The FDF Defence Command Infantry Office created a draft of specifications and presented them to Tampella in spring 1986. The new anti-tank gun were to use the barrel and breech block (complete barrel assembly) of the Soviet D-10T (which was in use by FDF in the existing T-54, T-55 and 100 56 TK systems), with a new carriage, cradle (including recoil system) and traverse unit. Thanks to this, it could use the new Mecar APFSDS which was introduced to the T-55 in the FDF T-55M project. It were to have an auxiliary power unit (APU) for assisted movement, a shield to protect from small arms fire and both day and image intensifier based night sights. Its combat weight were to be under 3 tonnes, traverse 60° (±30° from centreline) and elevation −10° to +20°, according to the initial specifications.

After initial calculations by Tampella, FDF Defence Command ordered Tampella to design the gun in May 1987. Tampella ordered the design of the carriage from Sisu Defence, while Tampella concentrated on the design of the gun itself. After the design was ready in November 1987, a prototype gun was ordered by FDF in February 1988, and the final specifications were given. The prototype was delivered in August 1989 after some issues, and field trials were held from January to June 1990 in the Lapland Jaeger Battalion at Sodankylä and to the end of 1990 in the Armoured Brigade at Hämeenlinna.

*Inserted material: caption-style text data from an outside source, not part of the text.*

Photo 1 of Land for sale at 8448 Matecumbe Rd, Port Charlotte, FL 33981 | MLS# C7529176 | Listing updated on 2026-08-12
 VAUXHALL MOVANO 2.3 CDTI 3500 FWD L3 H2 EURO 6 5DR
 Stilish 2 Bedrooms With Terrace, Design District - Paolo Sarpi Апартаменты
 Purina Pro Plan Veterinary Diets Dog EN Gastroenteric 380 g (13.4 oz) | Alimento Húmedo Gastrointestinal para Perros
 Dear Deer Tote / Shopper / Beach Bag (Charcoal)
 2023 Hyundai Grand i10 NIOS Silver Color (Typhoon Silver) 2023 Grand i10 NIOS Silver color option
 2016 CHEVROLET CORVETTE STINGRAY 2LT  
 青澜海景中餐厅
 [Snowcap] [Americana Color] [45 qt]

The trials proved many serious issues: the APU was underpowered for the gun, steering the carriage was difficult and the towing bar of the carriage proved to be too weak, as it fractured repeatedly in use, and the muzzle brake broke due to the pieces of the sabot hitting it. The bore axis was also considered to be too low. The trials were also hindered by lack of spares for the single prototype gun and trivial technical issues such as oil leaks. However, the performance of the gun was considered excellent and the gun was stable in firing position.

The serial production of the gun was intended to be started in 1991, but unsurprisingly, due to the technical issues and a new assessment on the viability of towed anti-tank guns, in July 1991 the FDF Chief of Training Lt. Gen. Matti Kopra officially terminated the project.

The prototype gun was stored in Armoured Brigade, and has been displayed sporadically to the public.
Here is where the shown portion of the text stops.